What are your thoughts on the samsung 850 pro? Is it reliable compared to other ssd's? People seem to like it, but I have heard the updates can slow it down.


----------



## johnb35

The regular EVO will be fast enough as is probably the most popular model bought.  Should have no problems with it.


----------



## jcmv4792

johnb35 said:


> The regular EVO will be fast enough as is probably the most popular model bought.  Should have no problems with it.



oops. should have just went with the Evo then. I got the 850 pro model.


----------



## jcmv4792

Will I have to format or open a new volume on the larger ssd before the migration?


----------



## mep916

jcmv4792 said:


> Will I have to format or open a new volume on the larger ssd before the migration?



Yep. Within Minitool, you'll first want to format the Samsung drive as an NTFS partition, then start the migration.

Do you know how to burn an ISO file to a CD/DVD? You'll have to boot into minitool to perform the migration.

Here's step-by-step instructions for the migration: http://www.partitionwizard.com/help/migrate-os-to-ssd-hd.html#howto


----------



## jcmv4792

No I do not even know what an ISO file even is haha. Okay I will check out that link.


----------



## mep916

Download the ISO here: http://www.partitionwizard.com/partition-wizard-bootable-cd.html

If you have blank CD/DVD media, insert the disk into the drive and click on the ISO. Assuming you're running Win 7 or better, Windows will burn the file onto the disk.
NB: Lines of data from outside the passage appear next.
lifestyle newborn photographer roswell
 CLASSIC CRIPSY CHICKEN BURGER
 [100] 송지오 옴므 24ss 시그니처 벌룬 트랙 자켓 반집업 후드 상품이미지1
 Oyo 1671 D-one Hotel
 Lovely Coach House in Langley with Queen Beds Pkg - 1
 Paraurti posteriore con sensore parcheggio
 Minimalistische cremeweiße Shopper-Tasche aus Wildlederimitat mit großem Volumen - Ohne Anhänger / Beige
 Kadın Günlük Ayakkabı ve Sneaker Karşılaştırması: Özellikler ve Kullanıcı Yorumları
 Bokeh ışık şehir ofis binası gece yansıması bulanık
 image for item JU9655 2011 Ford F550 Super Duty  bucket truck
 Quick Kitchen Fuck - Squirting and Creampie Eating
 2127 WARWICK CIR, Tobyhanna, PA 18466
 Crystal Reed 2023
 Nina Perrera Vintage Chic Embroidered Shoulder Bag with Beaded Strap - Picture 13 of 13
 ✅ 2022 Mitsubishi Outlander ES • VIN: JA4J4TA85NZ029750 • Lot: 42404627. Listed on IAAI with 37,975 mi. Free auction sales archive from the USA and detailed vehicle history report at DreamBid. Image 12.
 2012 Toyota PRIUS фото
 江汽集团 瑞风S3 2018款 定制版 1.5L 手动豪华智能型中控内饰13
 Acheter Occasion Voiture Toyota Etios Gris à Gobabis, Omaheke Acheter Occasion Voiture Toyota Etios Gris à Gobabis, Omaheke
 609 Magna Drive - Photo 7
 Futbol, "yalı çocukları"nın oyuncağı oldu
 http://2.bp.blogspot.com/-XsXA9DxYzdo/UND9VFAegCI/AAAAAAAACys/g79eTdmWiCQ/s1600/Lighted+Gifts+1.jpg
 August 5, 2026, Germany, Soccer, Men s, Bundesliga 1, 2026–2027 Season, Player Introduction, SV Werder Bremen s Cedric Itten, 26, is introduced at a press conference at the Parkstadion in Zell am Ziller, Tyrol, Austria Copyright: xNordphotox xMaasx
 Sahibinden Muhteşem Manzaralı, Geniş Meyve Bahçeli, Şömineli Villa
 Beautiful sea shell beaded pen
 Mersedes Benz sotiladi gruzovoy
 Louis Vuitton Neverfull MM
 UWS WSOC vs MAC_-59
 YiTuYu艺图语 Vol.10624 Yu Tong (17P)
After that, restart your computer and boot into the program. Just follow the prompts -- it's fairly straightforward from there. If you don't have a blank disk, you can use a flash drive, but we'll need to make it a bootable drive.


----------



## jcmv4792

mep916 said:


> Download the ISO here: http://www.partitionwizard.com/partition-wizard-bootable-cd.html
> 
> If you have blank CD/DVD media, insert the disk into the drive and click on the ISO. Assuming you're running Win 7 or better, Windows will burn the file onto the disk. After that, restart your computer and boot into the program. Just follow the prompts -- it's fairly straightforward from there. If you don't have a blank disk, you can use a flash drive, but we'll need to make it a bootable drive.



Sorry, I'm just having a bit of trouble understanding(as mentioned before, very new to computers). So once I restart the computer *after* burning the file onto the disk, will the computer automatically boot into the program, or do I have to press any keys while the computer is booting?


----------



## jcmv4792

And do all partition managers including acronis require a separate cd? Watching some migration videos on youtube, some people don't mention burning iso's on cds. They seem to just boot right after cloning to a larger ssd.


----------



## johnb35

The samsung SSD drive will have a cd to use to clone your existing install to the new drive, called samsung migration.


----------



## jcmv4792

Alright, just got done migrating and booted on the new SSD!

But when I went into the BIOS and put the ssd as the priority boot device it said ""Reboot and _Select proper Boot device_ or Insert Boot Media in selected Boot Device and press a key"

The computer will only boot with the SSD if the priority is set to "Hard disk: uefi windows boot manager"


----------



## johnb35

As long as it boots the SSD with that setting then you are good.  Or its possible the boot files are on the HDD instead of the SDD.


----------



## jcmv4792

Okay good to know. I don't think they are on the HDD. The only thing I had on the HDD was revouninstaller, and I deleted that. I actually used a 512gb SSD as the OS drive, and replaced the HDD with a 1tb ssd.


----------